Kral fikre bayılır ama bu kadar deri nereden bulunacaktır? Deri olsa bunun bütçesi nedir? Maliye işlerine bakan yardımcısını çağırıp derdini söyler. Maliyeci epey şaşırır. “Kralım,” der, “bütün ülkeyi kaplatmaya gerek yok. Ayaklarınızın altına göre bir deri uydurmak yeterli olacaktır. Böylece sürekli bu deri üzerinde yürümüş olursunuz. Anlaşılan, bacanağı derici olan biri işgüzarlık etmiş.”
Kral işgüzarı cezalandırır, maliyeciyi ödüllendirir.
Spor ayakkabının temeli ise 1800’lere dayanır. İşte spor ayakkabının zaman çizelgesi…
1839 – Charles Goodyear volkanlaşma tekniğini buldu. Lastik taban üretimi başladı.
1860 – Bir İngilizin lastik tabanlı bez ayakkabılarıyla kriket oynamaya gitmesiyle ilk spor ayakkabı ortaya çıktı.
1917 – ABD, Keds markalı ilk bez ayakkabıları piyasaya sürdü.

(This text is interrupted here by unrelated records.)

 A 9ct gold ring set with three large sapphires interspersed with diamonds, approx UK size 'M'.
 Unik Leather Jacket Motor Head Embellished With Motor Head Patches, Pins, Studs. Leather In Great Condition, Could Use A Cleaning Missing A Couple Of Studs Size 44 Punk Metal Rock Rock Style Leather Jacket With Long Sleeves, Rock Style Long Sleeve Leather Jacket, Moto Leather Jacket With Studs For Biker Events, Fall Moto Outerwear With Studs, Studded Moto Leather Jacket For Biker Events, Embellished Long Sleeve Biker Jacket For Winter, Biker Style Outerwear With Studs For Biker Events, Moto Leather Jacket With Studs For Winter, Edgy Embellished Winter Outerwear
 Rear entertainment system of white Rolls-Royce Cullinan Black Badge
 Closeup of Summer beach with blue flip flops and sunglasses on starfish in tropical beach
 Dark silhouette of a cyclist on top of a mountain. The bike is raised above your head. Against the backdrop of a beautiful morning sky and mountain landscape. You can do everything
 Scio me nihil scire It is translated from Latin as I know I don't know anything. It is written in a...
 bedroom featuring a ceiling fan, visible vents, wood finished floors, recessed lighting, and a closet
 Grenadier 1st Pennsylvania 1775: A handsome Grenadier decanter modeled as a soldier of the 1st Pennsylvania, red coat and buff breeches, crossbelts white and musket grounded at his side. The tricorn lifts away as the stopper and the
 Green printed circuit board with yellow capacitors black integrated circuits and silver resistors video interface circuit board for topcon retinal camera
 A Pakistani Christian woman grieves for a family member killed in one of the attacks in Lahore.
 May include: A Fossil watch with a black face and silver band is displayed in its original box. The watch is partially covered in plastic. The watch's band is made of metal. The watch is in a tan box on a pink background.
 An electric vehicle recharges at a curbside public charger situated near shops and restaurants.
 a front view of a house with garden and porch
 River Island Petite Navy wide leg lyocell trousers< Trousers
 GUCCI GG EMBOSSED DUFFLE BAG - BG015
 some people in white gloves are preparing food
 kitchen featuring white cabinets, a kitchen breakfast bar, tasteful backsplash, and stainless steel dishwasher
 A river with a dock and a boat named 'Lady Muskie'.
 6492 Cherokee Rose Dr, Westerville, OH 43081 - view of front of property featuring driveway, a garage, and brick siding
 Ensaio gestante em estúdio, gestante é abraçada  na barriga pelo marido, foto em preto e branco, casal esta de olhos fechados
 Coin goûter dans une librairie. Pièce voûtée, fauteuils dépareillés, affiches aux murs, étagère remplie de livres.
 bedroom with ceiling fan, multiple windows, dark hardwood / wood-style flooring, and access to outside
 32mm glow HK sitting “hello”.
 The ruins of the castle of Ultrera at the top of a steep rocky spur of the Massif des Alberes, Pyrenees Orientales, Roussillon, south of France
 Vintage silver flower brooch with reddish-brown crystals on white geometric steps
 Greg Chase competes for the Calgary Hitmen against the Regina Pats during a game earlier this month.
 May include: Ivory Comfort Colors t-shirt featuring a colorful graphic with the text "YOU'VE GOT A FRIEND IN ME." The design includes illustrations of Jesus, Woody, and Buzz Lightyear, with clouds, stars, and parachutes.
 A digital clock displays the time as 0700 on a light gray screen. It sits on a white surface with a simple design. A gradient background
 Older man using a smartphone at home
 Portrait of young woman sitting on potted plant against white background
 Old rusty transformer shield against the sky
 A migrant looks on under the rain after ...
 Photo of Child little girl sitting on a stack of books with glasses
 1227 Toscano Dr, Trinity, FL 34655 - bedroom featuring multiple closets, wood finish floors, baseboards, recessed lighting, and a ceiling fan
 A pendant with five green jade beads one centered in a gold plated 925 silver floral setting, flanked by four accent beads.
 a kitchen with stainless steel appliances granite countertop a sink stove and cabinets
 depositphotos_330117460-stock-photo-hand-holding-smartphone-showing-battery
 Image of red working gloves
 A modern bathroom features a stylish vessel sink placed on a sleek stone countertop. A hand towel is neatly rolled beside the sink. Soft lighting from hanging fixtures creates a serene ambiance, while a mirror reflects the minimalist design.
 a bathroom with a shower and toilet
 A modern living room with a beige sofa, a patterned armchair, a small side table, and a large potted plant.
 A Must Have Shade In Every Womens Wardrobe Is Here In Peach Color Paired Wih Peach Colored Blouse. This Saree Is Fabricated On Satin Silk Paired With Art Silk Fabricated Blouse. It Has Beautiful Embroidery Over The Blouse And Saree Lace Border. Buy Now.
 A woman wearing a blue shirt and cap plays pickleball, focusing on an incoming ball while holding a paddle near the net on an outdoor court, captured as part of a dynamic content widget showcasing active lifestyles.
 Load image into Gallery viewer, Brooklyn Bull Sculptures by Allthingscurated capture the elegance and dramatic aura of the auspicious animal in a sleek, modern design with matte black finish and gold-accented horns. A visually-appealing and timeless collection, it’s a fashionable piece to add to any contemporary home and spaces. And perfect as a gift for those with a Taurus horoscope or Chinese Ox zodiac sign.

Ardından aynı ayakkabılar yetişkinler için spor ayakkabısı olarak satıldı.
1919 – Ayak bileklerine kadar uzanan ilk basketbol ayakkabısı ortaya çıktı.
1950 – Gençlerin ikonu James Dean bez ayakkabılarıyla poz verdi. Bununla birlikte gençler spor ayakkabılarıyla günlük giysilerini kombine etmeye başladı. Aslında bu da spor modasının başlangıcıydı.
1983 – Vivienne Westwood “Witches” koleksiyonunu Paris Moda Haftasında bez ayakkabılarıyla sundu.
1990 – Almanya’da İngiliz deyimi Sneaker kavramı yerini aldı. Bu sözcük İngilizcede “sürünmek” anlamına gelen “sneak” kelimesinden geliyor.